Claramente não havia nada mais para fazer a não ser afundar no sofazinho esgarçado e esganiçar. E foi o que Della fez. O que instiga a reflexão moral que a vida é feita de soluços, choramingos e sorrisos, com choramingos predominando.
Enquanto a dona da casa gradualmente transpunha o primeiro estágio para o segundo, dê uma espiada na casa. Um apartamento mobiliado a U$ 8 por semana. Ele não se encaixaria exatamente na descrição de indigência, mas certamente caminhava a passos largos para o grupo dos mendicantes.
No vestíbulo abaixo, havia uma caixa de correio na qual nenhuma carta chegava e uma campainha que nenhum dedo mortal apertaria. Ali também havia um cartão trazendo o nome “Sr. James Dillingham Young."

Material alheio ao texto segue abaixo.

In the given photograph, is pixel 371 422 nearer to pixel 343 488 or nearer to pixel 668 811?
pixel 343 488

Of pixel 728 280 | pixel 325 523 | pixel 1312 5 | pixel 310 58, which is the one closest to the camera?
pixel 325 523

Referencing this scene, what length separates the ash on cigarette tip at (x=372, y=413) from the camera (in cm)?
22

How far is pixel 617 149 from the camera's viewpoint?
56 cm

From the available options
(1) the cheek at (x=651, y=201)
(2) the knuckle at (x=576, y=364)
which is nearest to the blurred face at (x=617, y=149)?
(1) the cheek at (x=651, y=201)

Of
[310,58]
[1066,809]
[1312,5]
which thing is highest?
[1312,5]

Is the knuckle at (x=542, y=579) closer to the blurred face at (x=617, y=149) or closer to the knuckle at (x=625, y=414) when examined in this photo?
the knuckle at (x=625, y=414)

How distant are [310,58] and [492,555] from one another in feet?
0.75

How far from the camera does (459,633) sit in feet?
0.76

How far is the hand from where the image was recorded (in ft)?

O “Dillingham” havia sido acrescido durante um período anterior de prosperidade quando seu possuidor estava ganhando 30 dólares por semana. Agora, quando a renda havia encolhido para U$ 20, eles estavam pensando seriamente em contraí-lo para um modesto e despretensioso D. Mas sempre que o Sr. James Dillingham Young vinha para casa e chegava ao apartamento, ele era chamado “Jim” e abraçado com força pela Sra. James Dillingham Young, já apresentada a você como Della. O que é tudo muito bom.

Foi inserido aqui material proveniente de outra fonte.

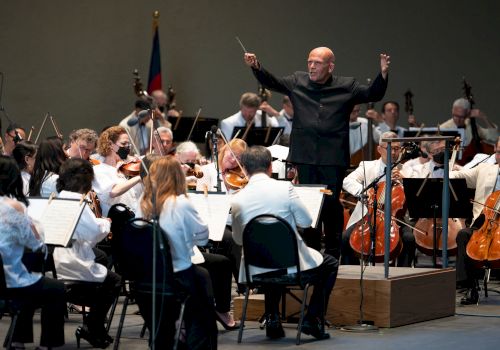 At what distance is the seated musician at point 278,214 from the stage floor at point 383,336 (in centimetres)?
13

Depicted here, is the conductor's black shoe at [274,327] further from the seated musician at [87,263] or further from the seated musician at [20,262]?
the seated musician at [20,262]

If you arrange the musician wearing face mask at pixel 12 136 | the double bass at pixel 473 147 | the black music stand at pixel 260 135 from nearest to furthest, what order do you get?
1. the musician wearing face mask at pixel 12 136
2. the black music stand at pixel 260 135
3. the double bass at pixel 473 147

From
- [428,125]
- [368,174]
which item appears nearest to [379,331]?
[368,174]

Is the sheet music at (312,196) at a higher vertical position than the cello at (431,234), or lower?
higher

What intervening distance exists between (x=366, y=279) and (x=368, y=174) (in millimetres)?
→ 2233

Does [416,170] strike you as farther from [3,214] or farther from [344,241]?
[3,214]

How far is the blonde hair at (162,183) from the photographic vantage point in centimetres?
551

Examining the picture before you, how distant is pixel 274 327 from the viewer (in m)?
6.28

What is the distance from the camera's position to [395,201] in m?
8.21

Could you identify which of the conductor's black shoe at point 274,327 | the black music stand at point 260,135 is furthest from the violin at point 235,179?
the black music stand at point 260,135

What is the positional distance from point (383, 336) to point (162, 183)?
1.74m

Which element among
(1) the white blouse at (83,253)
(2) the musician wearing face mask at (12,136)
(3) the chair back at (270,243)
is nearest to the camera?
(3) the chair back at (270,243)

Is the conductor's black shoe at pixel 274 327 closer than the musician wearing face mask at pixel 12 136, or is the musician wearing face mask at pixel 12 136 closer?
the conductor's black shoe at pixel 274 327

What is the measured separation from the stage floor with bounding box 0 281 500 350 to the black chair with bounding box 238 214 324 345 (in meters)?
0.26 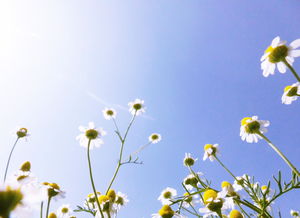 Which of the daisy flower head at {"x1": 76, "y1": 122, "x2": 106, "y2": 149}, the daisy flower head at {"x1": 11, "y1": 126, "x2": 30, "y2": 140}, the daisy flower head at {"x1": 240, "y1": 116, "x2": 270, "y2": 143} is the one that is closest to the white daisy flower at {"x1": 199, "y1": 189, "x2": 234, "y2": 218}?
the daisy flower head at {"x1": 240, "y1": 116, "x2": 270, "y2": 143}

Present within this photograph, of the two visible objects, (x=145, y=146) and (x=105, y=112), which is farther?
(x=105, y=112)

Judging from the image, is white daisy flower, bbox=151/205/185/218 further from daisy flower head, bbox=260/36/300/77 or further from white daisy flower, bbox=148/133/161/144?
white daisy flower, bbox=148/133/161/144

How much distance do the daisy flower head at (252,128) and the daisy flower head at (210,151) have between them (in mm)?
634

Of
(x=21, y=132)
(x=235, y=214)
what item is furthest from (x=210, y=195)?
(x=21, y=132)

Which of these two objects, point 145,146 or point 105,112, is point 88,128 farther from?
point 105,112

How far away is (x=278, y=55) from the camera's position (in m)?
1.80

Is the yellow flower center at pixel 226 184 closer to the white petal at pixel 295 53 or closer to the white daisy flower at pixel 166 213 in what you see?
the white daisy flower at pixel 166 213

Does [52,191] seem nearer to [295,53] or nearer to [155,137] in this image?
[295,53]

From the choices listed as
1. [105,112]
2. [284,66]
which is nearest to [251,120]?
[284,66]

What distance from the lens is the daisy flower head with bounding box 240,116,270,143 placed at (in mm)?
2287

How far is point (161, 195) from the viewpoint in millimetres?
4328

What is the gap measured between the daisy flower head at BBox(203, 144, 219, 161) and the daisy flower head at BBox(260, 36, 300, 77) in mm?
1309

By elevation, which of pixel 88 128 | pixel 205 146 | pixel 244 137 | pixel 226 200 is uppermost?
pixel 88 128

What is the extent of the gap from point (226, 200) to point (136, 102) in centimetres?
388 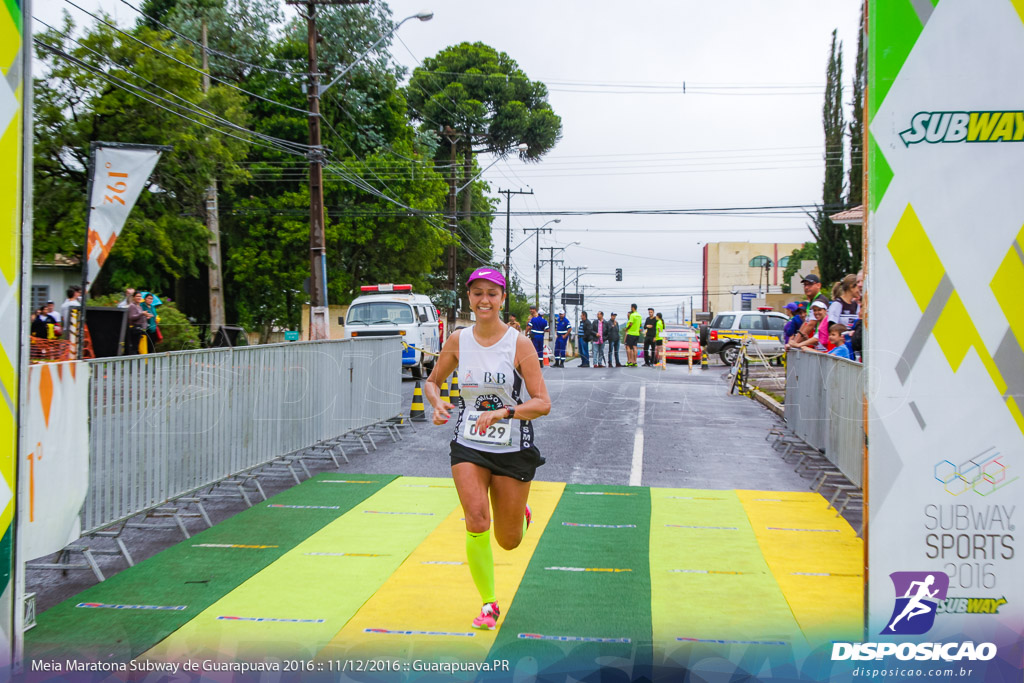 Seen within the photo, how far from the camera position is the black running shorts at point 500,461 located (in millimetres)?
4863

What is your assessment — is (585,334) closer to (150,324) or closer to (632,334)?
(632,334)

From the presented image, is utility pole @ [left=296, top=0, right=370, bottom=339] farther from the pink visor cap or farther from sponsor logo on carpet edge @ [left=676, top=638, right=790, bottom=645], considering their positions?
sponsor logo on carpet edge @ [left=676, top=638, right=790, bottom=645]

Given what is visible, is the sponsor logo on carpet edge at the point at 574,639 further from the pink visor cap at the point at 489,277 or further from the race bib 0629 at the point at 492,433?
the pink visor cap at the point at 489,277

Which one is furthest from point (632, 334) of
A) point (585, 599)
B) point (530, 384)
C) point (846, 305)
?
point (530, 384)

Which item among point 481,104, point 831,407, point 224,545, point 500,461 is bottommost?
point 224,545

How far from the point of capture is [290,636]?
4.70 m

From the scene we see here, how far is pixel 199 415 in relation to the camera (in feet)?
Answer: 24.2

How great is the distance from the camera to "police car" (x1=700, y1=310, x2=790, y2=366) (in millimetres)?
29812

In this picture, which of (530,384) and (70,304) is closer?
(530,384)

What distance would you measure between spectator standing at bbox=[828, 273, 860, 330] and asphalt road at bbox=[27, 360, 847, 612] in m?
1.83

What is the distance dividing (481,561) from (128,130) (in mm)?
21765

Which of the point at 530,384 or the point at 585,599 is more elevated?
the point at 530,384

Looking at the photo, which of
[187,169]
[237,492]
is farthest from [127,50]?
[237,492]

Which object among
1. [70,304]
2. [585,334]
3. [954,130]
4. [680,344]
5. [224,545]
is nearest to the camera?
[954,130] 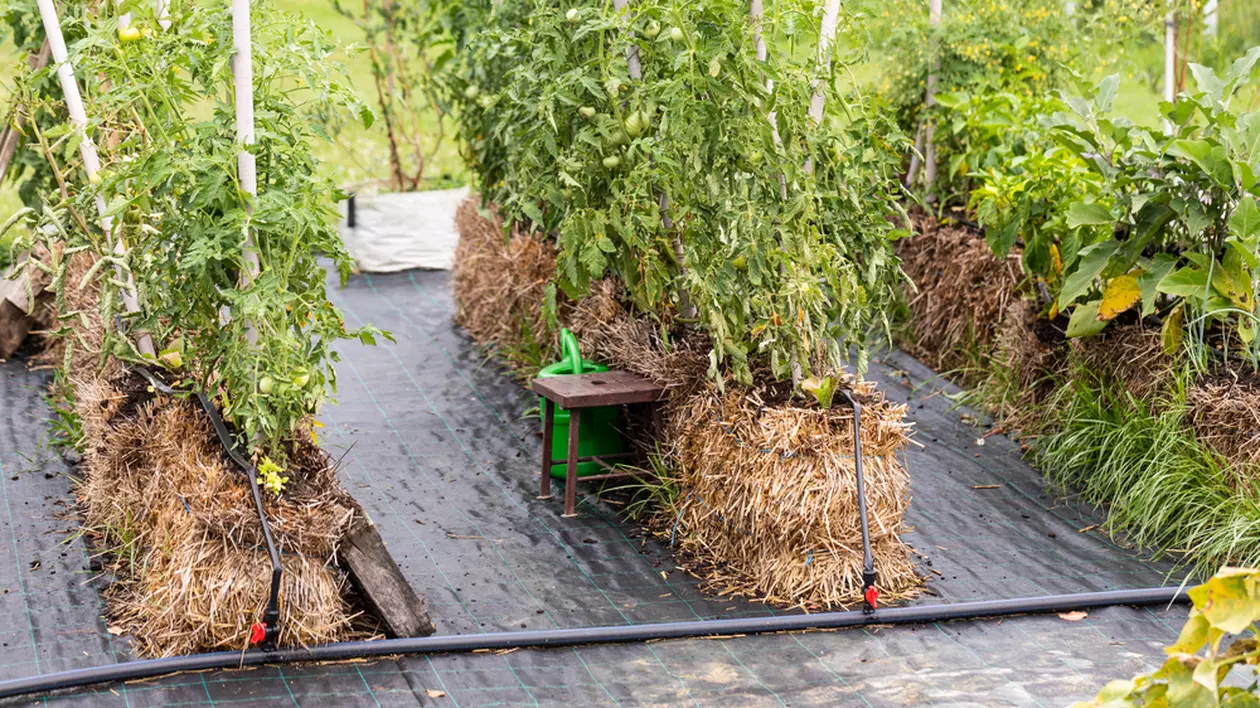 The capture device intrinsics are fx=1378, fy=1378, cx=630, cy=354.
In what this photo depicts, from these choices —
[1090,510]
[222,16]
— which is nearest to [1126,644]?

Della concluiu seu choro e cuidou de suas bochechas com o pó-de-arroz. Ela ficou perto da janela e olhou entediadamente o gato cinza caminhando sobre a cerca cinza num quintal cinza. Amanhã seria o dia de Natal e ela tinha apenas U$ 1,87 para comprar um presente para Jim. Ela havia economizado cada centavo que pôde por meses, com este resultado. Vinte dólares por semana não duram muito. As despesas haviam sido maiores do que ela calculara. Elas sempre são. Apenas U$ 1,87 para comprar um presente para Jim. Seu Jim. Muitas horas felizes ela havia gastado planejando algo legal para ele. Algo fino, raro e valioso — algo que se aproximasse um pouco da honra de merecer ser possuído por Jim.
Havia um espelho comprido entre as janelas da sala. Talvez você já tenha visto destes espelhos num apartamento de oito dólares ao mês. Uma pessoa magra e ágil pode, ao observar seu reflexo numa rápida sequência de tiras longitudinais, obter uma quase precisa concepção de sua aparência. Della, sendo esguia, havia dominado a arte.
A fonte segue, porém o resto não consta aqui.